村上ファンドvs.ゼネコン、水面下で蠢く攻防戦

中堅・準大手株を相次いで取得、狙いは何か

村上系ファンドに狙われた中堅ゼネコンの大豊建設(記者撮影)

「ついにきたか」。大手ゼネコンの幹部は、そう言葉に力を込めた。

通商産業省(現経済産業省)OBの村上世彰氏が率いた旧村上ファンド。「モノ言う株主」として知られたこのファンドの流れを汲む投資会社や機関投資家が目下、ゼネコンへ攻勢をかけている。

村上系ファンドのシティインデックスイレブンスやオフィスサポートなどは9月9日、中堅ゼネコンである大豊建設の保有株式に関する変更報告書を提出した。報告書によると、村上系ファンドの9月2日における保有割合は11.82%になる。

村上系ファンドは5月7日までに大豊建設株を取得し、5.12%を保有。以降も複数回にわたって取得と処分を繰り返していた。保有目的は「経営陣へ助言、重要提案行為等を行う」としている。

潤沢なキャッシュに着目

旧村上ファンドの流れをくむ投資会社は他のゼネコンにも触手を伸ばしている。
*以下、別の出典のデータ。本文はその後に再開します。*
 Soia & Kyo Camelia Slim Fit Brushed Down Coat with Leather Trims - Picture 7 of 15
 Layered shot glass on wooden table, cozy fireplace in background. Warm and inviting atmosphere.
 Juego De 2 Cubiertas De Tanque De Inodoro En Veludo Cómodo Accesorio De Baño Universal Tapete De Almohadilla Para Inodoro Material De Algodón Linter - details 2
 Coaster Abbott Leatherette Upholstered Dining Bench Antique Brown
4月3日には旧村上ファンド出身者が設立した投資ファンドのストラテジックキャピタルが、関西に地盤を置く淺沼組の株式を買い増し、10.1%を保有。4月17日にはシティインデックスイレブンスなどが準大手ゼネコンである西松建設の株式を取得し、5.09%を保有した。

村上系ファンドがゼネコン業界の株式保有を増やしてきたのは、今回が初めてのケースになるようだ。冒頭のゼネコン幹部は「厳しい応酬になることを覚悟している」と警戒感をあらわにする。

村上系ファンドは各社の潤沢なキャッシュや保有資産に目をつけたとみられる。ゼネコン業界はここ数年、東京五輪関係施設や道路・橋梁の補強工事需要などを受け、活況を呈していた。野村證券の前川健太郎シニアアナリストは、「大きな投資が必要な産業ではないこともあり、(業界全般に)業績拡大につれてキャッシュがたまっている状況だった」と語る。